*** Opening Extracted records ***

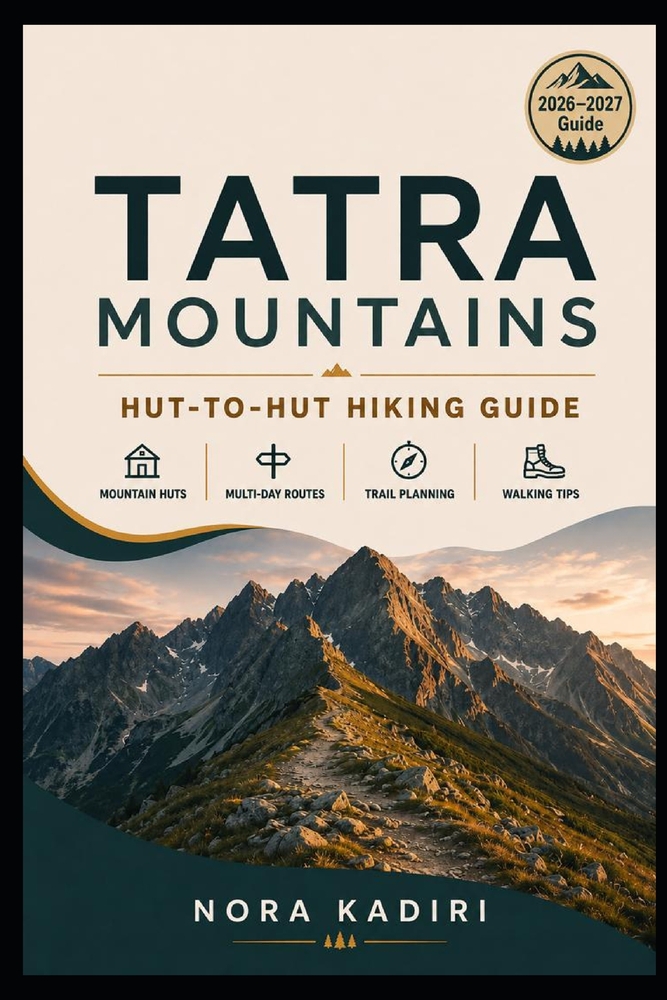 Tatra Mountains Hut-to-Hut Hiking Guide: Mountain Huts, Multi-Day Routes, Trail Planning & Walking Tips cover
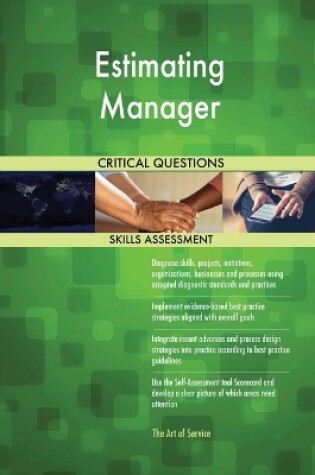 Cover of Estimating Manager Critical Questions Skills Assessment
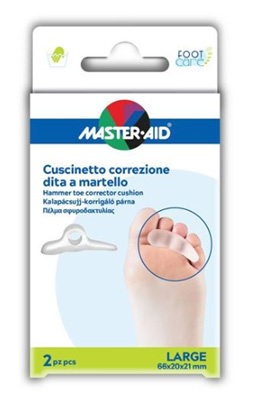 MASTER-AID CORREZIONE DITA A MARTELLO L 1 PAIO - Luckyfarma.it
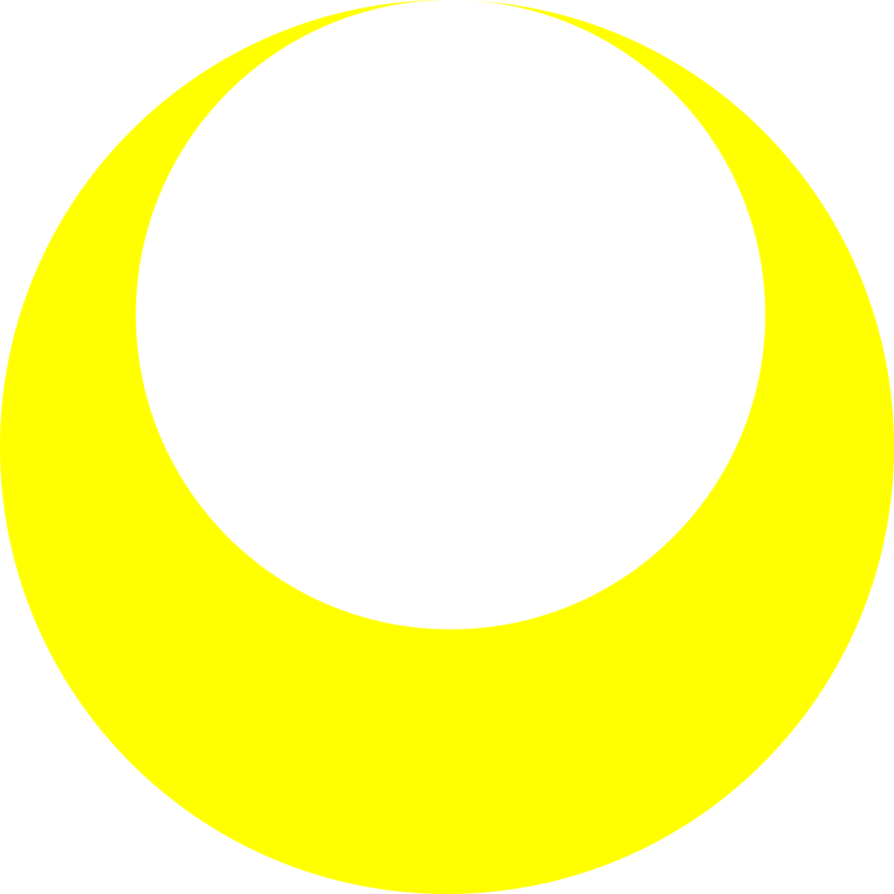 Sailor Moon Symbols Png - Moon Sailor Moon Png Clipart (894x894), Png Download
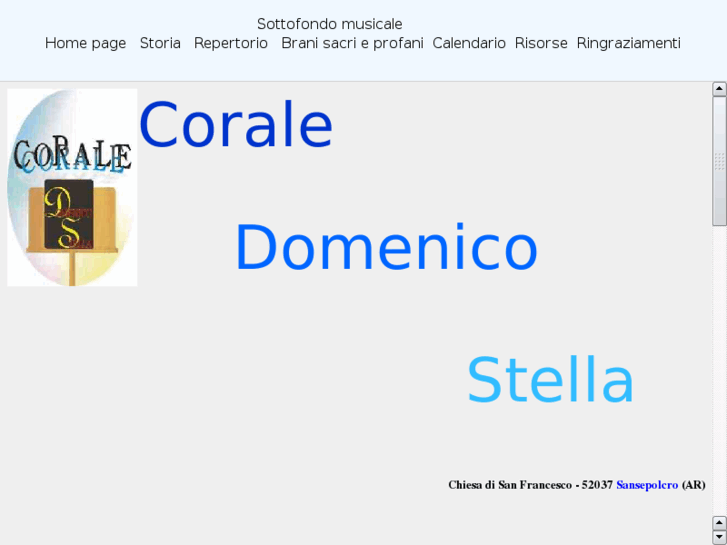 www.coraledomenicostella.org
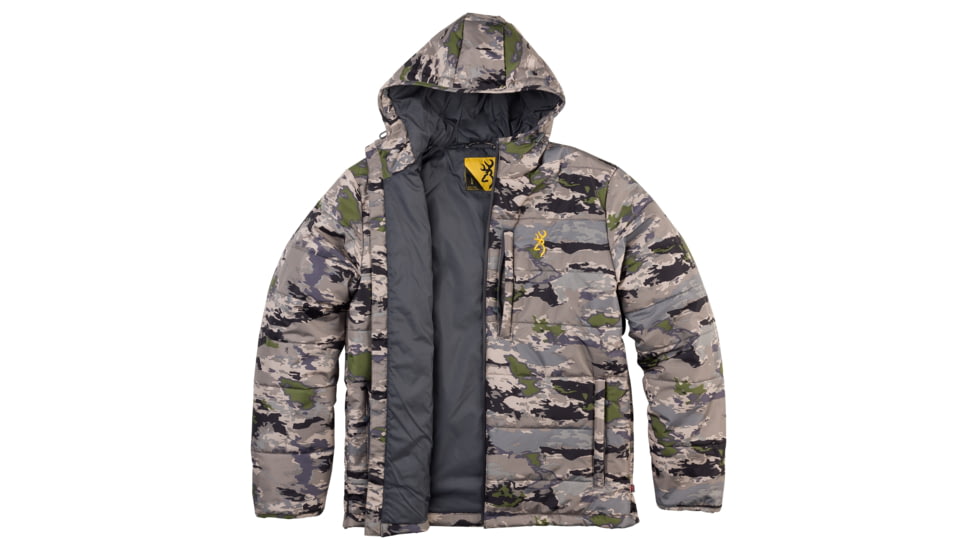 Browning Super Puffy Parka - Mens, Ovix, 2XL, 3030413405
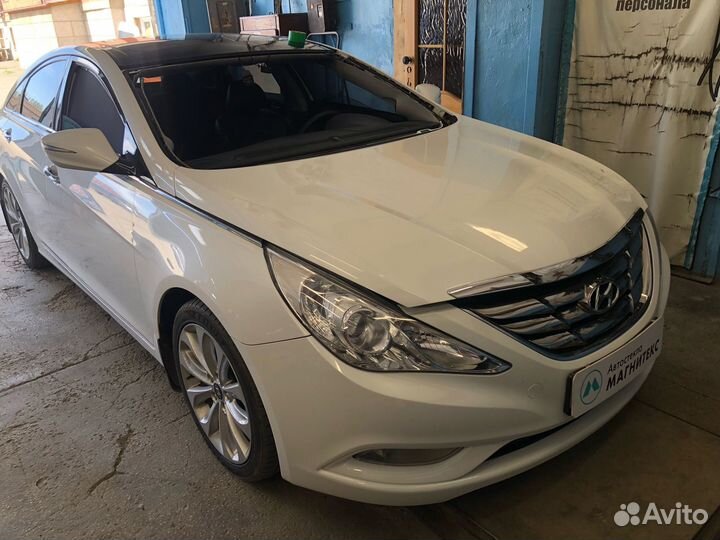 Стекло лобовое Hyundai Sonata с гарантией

*** Closing Extracted records ***
*** Opening Extracted records ***

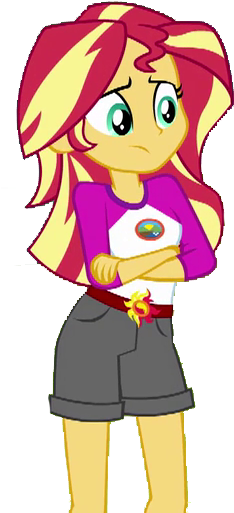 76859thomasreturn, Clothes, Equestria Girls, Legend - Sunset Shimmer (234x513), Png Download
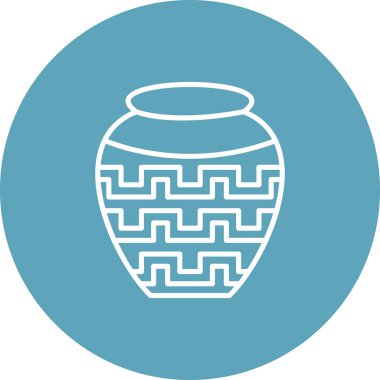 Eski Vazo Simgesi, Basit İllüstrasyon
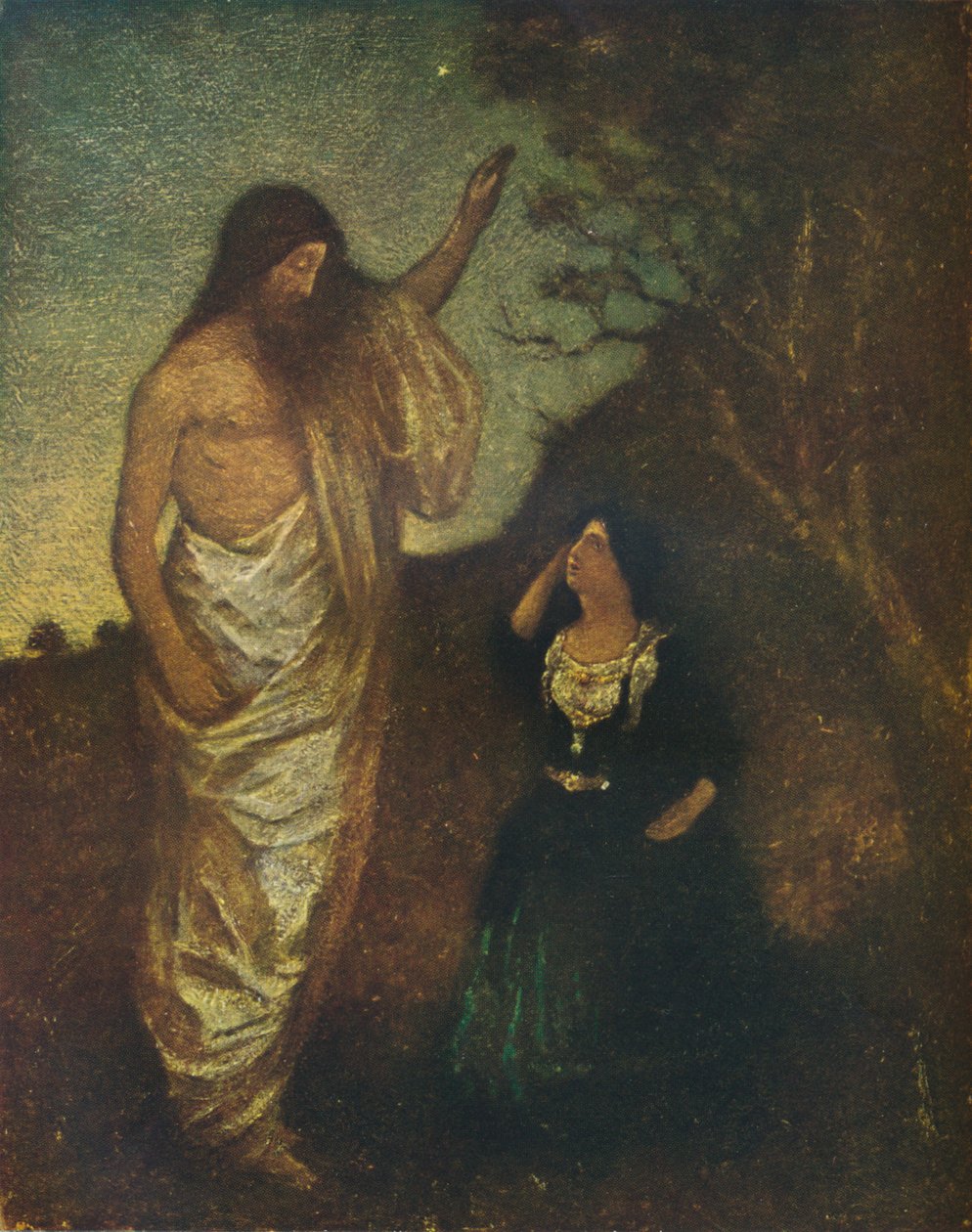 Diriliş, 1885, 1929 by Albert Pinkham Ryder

*** Closing Extracted records ***
*** Opening Extracted records ***

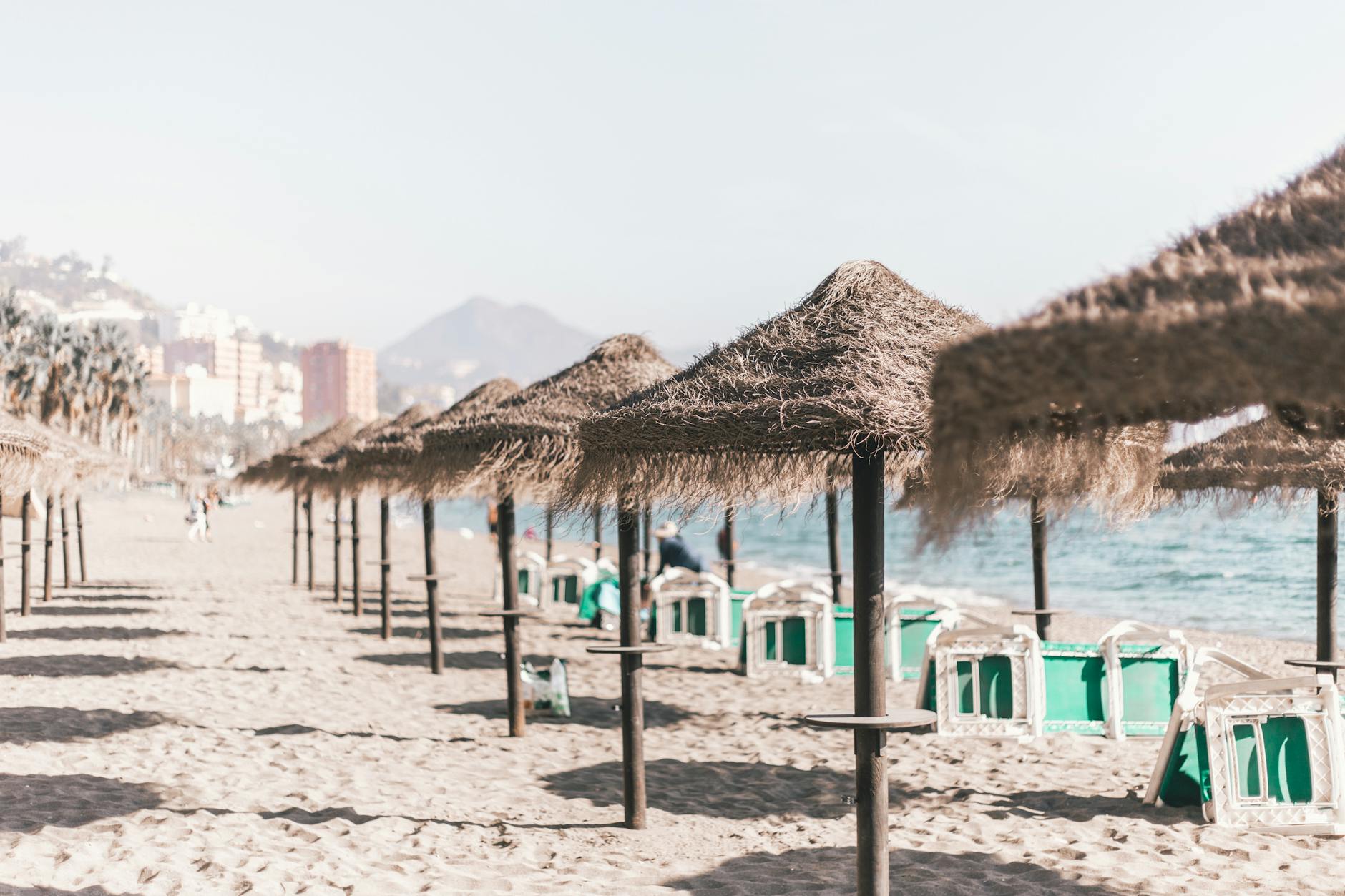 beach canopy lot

*** Closing Extracted records ***

Problem statement
Using the data above, which lines fall from the one with "76859thomasreturn, Clothes, Equestria" through the one with "Diriliş, 1885, 1929 by Albert Pinkham Ryder"? Repeat them exactly, ends included, minus any pictures.

Result for this exercise
 76859thomasreturn, Clothes, Equestria Girls, Legend - Sunset Shimmer (234x513), Png Download
 Eski Vazo Simgesi, Basit İllüstrasyon
 Diriliş, 1885, 1929 by Albert Pinkham Ryder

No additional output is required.